• WORK TASK: Print every line below exactly as written, but leave the pictures behind.

Top of AVAILABLE RECORDS

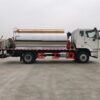 HOWO 13 CBM Asphalt Tank Truck (5)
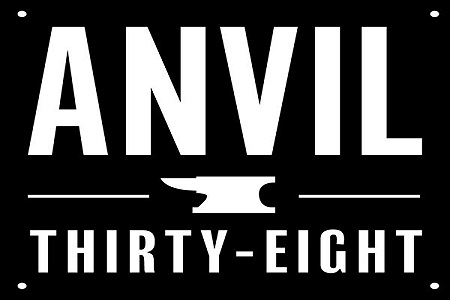 Anvil 38 Luxury Apartments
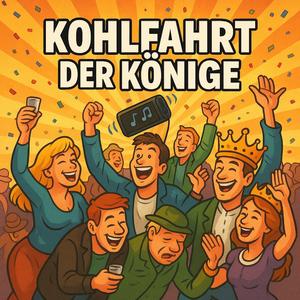 Kohlfahrt der Könige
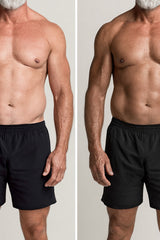 Self Tanner for Men | Streak-Free, Natural Finish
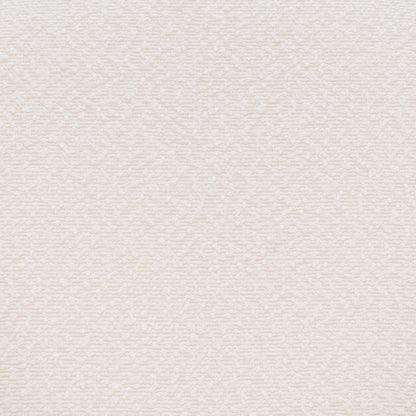 Essen Counter Stool in Ivory – Modern Teddy Fabric Bar Chair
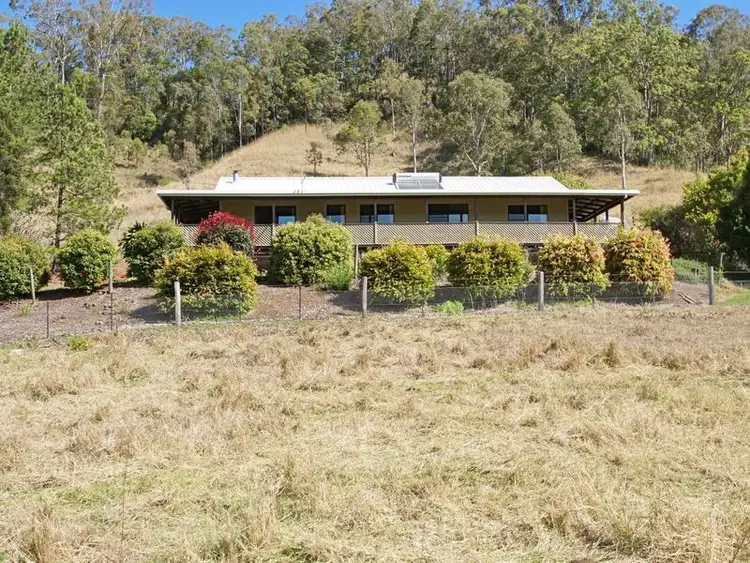 Second view of Homely house listing, 500 Gores Rd, Spring Grove NSW 2470
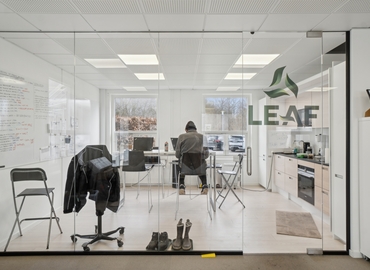 Lager til leje på Lejrvej 23, 3500 Værløse - 1674 m² | Foto 15 - Lokalebasen.dk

Bottom of AVAILABLE RECORDS

• TASK RESULT:
 HOWO 13 CBM Asphalt Tank Truck (5)
 Anvil 38 Luxury Apartments
 Kohlfahrt der Könige
 Self Tanner for Men | Streak-Free, Natural Finish
 Essen Counter Stool in Ivory – Modern Teddy Fabric Bar Chair
 Second view of Homely house listing, 500 Gores Rd, Spring Grove NSW 2470
 Lager til leje på Lejrvej 23, 3500 Værløse - 1674 m² | Foto 15 - Lokalebasen.dk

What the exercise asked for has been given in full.